Таким образом, при заражении белых мышей летальной дозой вируса гриппа AP/R/8/34, происходило быстрое накопление инфекционной и гемагглютинирующей активности, которое приводило к стопроцентной гибели животных на шестые сутки после заражения.

Гемагглютинирующая (1:256) и инфекционная активность (10-5) максимального количества достигала к третьим суткам после заражения. На пятые сутки после заражения, когда начинали гибнуть животные гемагглютинирующая и инфекционная активность оставались на том же уровне /1:20/, что и в первой группе.

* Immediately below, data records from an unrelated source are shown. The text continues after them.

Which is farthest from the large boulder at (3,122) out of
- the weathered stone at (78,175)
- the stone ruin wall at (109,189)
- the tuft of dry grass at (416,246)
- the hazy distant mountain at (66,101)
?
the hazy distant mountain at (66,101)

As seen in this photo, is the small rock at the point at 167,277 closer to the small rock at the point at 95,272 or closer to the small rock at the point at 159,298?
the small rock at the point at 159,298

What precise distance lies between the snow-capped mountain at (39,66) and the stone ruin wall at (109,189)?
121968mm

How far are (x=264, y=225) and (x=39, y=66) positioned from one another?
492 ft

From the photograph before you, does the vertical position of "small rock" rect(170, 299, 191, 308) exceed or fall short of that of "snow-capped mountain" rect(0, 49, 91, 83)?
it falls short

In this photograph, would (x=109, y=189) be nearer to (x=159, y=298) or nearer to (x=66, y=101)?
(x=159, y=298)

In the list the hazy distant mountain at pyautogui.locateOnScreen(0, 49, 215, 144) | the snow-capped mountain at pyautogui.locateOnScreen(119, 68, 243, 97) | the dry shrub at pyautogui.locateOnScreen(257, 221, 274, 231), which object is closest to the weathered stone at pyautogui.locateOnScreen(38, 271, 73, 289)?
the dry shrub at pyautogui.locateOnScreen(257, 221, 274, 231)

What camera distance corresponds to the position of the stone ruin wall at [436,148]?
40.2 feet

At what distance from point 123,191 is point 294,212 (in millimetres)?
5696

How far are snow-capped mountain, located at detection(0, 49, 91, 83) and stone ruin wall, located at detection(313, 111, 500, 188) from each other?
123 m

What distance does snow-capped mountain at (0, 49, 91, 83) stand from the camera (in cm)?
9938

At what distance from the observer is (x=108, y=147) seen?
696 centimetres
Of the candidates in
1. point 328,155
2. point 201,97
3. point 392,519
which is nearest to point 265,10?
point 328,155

На седьмые сутки гемагглютинирующая и инфекционная активность не определялись.

Таким образом, светолечение поляризованным, полихроматическим светом, животных предварительно зараженных смертельной дозой вируса гриппа А, задерживало размножение вируса гриппа на сутки. Инфекционная и гемагглютинирующая активность была ниже по сравнению с контрольной (1) группой. 20% животных оставались живы и на 14 сутки после заражения, в то время как в контрольной группе 100% гибель животных происходила на шестые сутки после заражения.

В контрольной группе (б) 50% гибель животных наступала на шестые стуки. На 14 сутки после заражения оставались живы 50% животных, у которых инфекционный титр вируса в легких был 10-3 и в сыворотке крови был 10-4. Гемагглютинирующая активность в легких была в титре 1:40 а в сыворотке крови была в титре 1:80.

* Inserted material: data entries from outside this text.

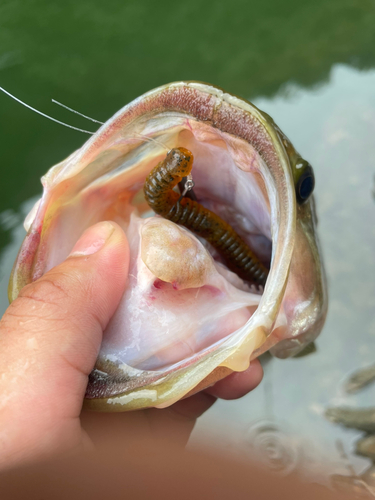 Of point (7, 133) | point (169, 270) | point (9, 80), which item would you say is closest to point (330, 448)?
point (169, 270)

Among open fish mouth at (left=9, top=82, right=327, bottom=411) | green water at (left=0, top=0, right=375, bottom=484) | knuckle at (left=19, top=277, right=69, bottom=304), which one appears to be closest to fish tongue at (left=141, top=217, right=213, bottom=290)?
open fish mouth at (left=9, top=82, right=327, bottom=411)

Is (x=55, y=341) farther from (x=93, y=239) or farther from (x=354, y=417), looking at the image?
(x=354, y=417)

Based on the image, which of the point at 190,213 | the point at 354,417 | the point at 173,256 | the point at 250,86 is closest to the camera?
the point at 173,256

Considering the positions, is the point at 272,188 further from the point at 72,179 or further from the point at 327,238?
the point at 327,238

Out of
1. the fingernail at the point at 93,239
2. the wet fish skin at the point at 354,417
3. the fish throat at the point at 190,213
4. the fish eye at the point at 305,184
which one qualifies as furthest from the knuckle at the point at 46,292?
the wet fish skin at the point at 354,417

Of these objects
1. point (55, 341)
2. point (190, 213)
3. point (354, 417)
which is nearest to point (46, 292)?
point (55, 341)

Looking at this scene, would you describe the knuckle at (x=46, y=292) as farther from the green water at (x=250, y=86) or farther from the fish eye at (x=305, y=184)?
the green water at (x=250, y=86)

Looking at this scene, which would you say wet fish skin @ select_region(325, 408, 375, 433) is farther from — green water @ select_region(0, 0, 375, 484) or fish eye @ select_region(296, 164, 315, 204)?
fish eye @ select_region(296, 164, 315, 204) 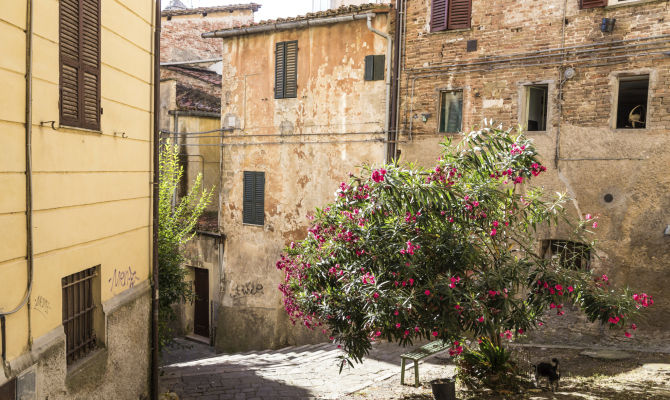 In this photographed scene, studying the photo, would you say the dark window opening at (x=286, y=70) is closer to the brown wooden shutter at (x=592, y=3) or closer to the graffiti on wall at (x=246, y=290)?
the graffiti on wall at (x=246, y=290)

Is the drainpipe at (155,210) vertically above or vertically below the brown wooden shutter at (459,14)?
below

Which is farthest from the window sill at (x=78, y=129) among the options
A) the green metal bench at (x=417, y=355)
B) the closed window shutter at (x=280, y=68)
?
the closed window shutter at (x=280, y=68)

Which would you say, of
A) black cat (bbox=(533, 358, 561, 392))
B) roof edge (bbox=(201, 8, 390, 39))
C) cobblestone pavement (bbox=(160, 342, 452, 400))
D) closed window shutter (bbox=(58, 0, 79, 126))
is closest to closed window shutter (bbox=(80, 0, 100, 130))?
closed window shutter (bbox=(58, 0, 79, 126))

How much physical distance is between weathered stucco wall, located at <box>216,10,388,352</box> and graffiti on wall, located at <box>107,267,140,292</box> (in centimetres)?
672

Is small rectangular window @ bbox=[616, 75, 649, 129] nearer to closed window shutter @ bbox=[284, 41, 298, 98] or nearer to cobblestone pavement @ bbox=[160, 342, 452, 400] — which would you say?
cobblestone pavement @ bbox=[160, 342, 452, 400]

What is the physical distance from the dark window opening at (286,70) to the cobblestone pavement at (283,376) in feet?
21.4

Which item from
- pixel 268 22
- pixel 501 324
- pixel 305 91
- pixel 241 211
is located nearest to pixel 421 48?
pixel 305 91

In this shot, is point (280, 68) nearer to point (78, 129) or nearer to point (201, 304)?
point (201, 304)

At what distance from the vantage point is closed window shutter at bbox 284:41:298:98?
13.9 metres

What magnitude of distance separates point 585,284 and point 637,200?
12.8 ft

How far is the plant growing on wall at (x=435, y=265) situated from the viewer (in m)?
6.32

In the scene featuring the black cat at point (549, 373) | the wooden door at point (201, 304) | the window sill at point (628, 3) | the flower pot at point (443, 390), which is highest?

В седьмой группе белых мышей, которые прошли курс светотерапии предварительно зараженных терапевтической дозой вируса гриппа, 80% животных оставались, живы и на 15 сутки после заражения. В легких и в сыворотке крови леченных животных отмечалась как инфекционная, так и гемагглютинирующая активность в незначительных количествах (10-1, ГА 1:2), особенно в сыворотке крови (10-2 , ГА 1:4).

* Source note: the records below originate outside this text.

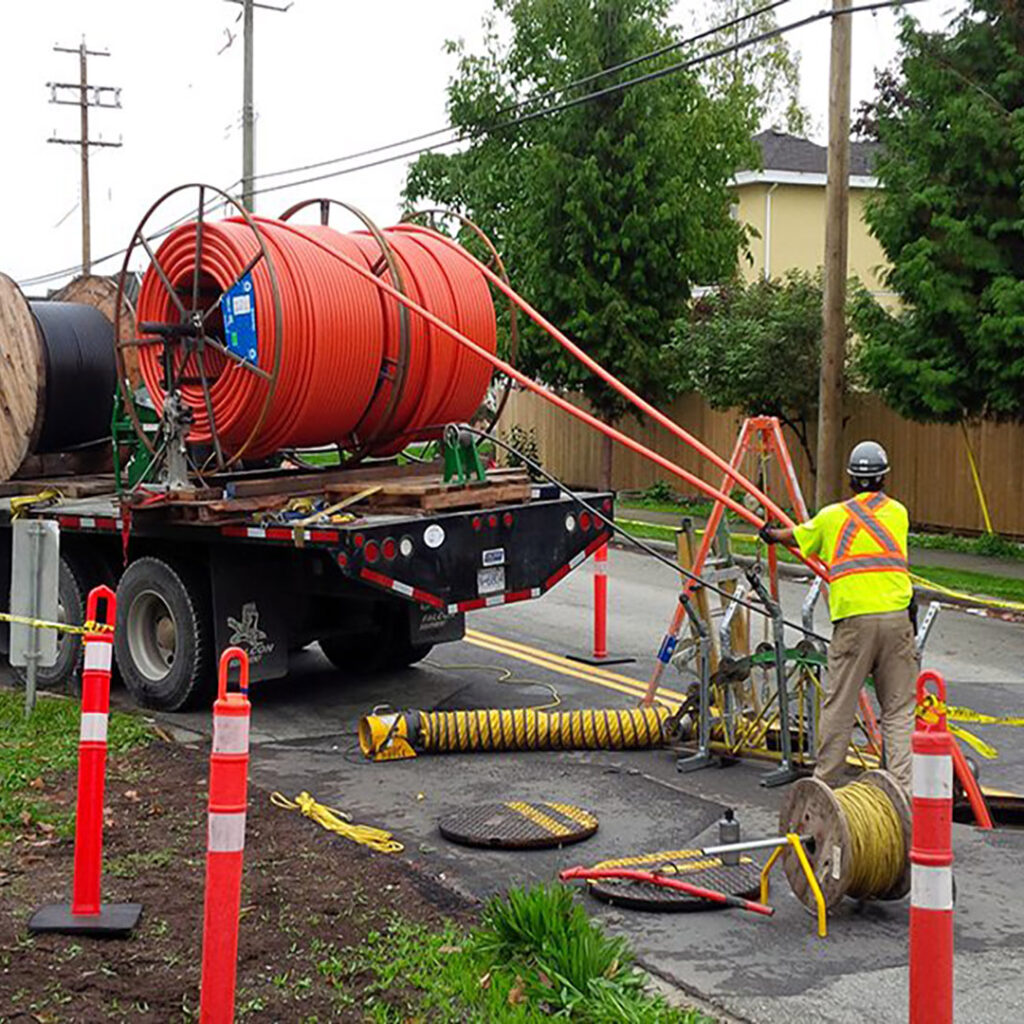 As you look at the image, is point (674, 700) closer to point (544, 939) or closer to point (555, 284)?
point (544, 939)

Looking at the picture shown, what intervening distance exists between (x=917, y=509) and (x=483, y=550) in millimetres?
14496

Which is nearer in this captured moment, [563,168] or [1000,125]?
[1000,125]

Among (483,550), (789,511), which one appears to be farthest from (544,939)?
(789,511)

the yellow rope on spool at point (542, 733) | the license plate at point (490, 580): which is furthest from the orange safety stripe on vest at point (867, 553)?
the license plate at point (490, 580)

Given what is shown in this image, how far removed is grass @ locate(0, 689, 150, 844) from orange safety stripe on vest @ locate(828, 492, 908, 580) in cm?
394

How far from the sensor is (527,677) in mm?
11867

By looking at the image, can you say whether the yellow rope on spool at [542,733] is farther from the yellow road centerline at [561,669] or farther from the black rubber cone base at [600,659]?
the black rubber cone base at [600,659]

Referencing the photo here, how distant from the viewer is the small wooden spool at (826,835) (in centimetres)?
622

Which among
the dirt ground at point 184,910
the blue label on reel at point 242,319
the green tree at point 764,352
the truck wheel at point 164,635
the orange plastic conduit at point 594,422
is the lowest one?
the dirt ground at point 184,910

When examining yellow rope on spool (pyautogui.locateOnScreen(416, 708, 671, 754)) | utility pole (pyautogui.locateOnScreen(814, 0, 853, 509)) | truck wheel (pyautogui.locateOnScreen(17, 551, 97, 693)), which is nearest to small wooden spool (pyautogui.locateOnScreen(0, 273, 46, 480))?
truck wheel (pyautogui.locateOnScreen(17, 551, 97, 693))

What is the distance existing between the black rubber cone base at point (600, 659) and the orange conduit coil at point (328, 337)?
2172 mm

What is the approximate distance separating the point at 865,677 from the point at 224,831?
3.89 m

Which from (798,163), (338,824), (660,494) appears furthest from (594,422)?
(798,163)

Таким образом при заражении белых мышей, терапевтической /сублетальной/ дозой вируса гриппа А и прошедших курс светотерапии поляризованным, полихромным лучом 80% животных оставались живыми.

ВЫВОДЫ

  1. Под действием смертельной дозы вируса гриппа А происходило быстрое накопление инфекционной и гемагглютинирующей активности, которое приводило к 100% гибели животных на шестые сутки после заражения.
  2. Подавление протеазной и ингибиторной активности происходило в период максимального накопления инфекионной и гемагглютинирующей активности.
  3. В группах животных прошедших курс светотерапии /18 сеансов/ поляризованным, полихроматическим, некогерентным светом, предварительно зараженных смертельной дозой вируса гриппа, 20% животных выживали и оставались живы на 15 сутки после заражения. Под действием терапевтической (сублетальной) дозы - 80% выживали и оставались живы на весь период исследований.
  4. У животных контрольных групп, вирус гриппа А и поляризованный, полихроматический, некогерентный свет подавлял как протеазную так и ингибиторную активность.
  5. У животных прошедших курс светолечения на 15 сутки после заражения наблюдался подъем ингибиторной активности не зависимо от дозы заражения.
  6. Светолечение поляризованным, полихроматическим, некогерентным светом животных зараженных летальной дозой вируса гриппа задерживало активность размножение вируса. Инфекционная и гемагглютинирующая активность определялась в незначительных количествах т.е. под действием ПАЙЛЕР -света вирус гриппа А не погибал, а тормозилось его размножение. За этот период происходило восстановление ингибиторной /защитной/ активности и животные выживали.
  7. В легких белых мышей, зараженных смертельной дозой вируса гриппа происходило повышение общего белка в начале развития инфекции, а к гибели животных количество белка резко снижалось. В тоже время под действием сублетальной дозы изменений белка не наблюдалось.

СПИСОК ЛИТЕРАТУРЫ:

  1. М.К.Топчий, Н.П.Корнюшенко. 1967 г. //Руководство к практическим занятием по вирусологии, гл-ва Серологические методы исследований. Издательство Киевского университета, стр. 129-137.
  2. К.Н.Веремеенко. 1980 // Кн. Ферменты в отоларингологии под редакцией К.Н.Веремеенко. Киев, стр. 147-149
  3. С.В.Вовчук. 1979 // Сб. Биохимические методы исследования селекционного материала. Выпуск XI, Одесса, стр.59-67
  4. А.П.Левицкий 1974 // Пищеварительные ферменты слюнных желез. Автореферат диссертации доктора медицинских наук. Одесса.
  5. W.Lowry, Baker F. 1951 // Protein measurement with the Folin reagent./ J.Biol. Chem. 193 v.265-275.